944. Delete Columns to Make Sorted
We are given an array A
of N
lowercase letter strings, all of the same length.
Now, we may choose any set of deletion indices, and for each string, we delete all the characters in those indices.
For example, if we have an array A = ["abcdef","uvwxyz"]
and deletion indices {0, 2, 3}
, then the final array after deletions is ["bef", "vyz"]

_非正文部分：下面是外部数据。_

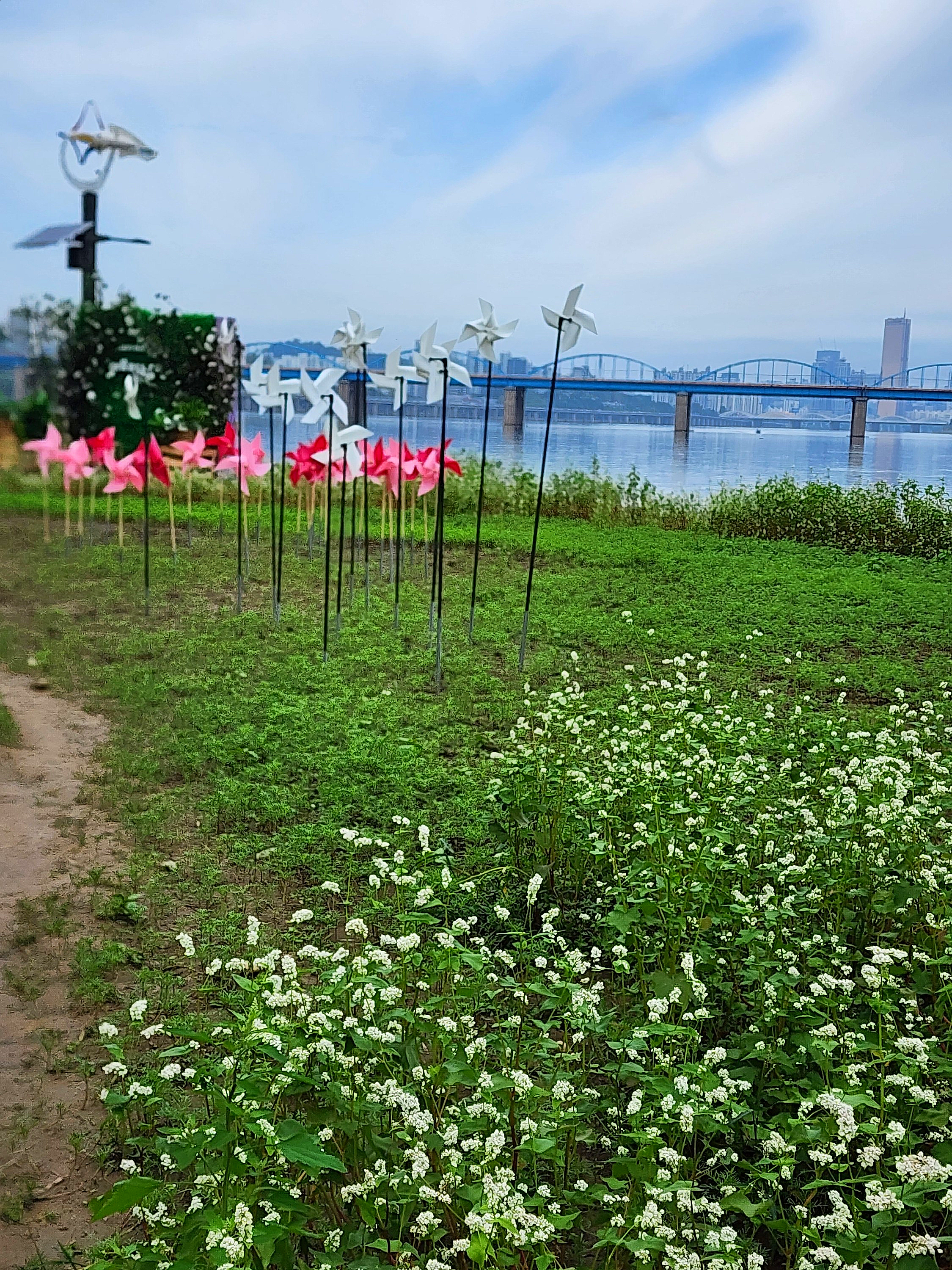 서래섬 사진 5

, and the remaining columns of A are ["b","v"], ["e","y"]
, and ["f","z"]
. (Formally, the c-th column is [A[0][c], A[1][c], ..., A[A.length-1][c]]
.)
Suppose we chose a set of deletion indices D such that after deletions, each remaining column in A is in non-decreasing sorted order.
Return the minimum possible value of D.length
.
Example 1:
Input: ["cba","daf","ghi"]
Output: 1
Explanation:
After choosing D = {1}, each column ["c","d","g"] and ["a","f","i"] are in non-decreasing sorted order.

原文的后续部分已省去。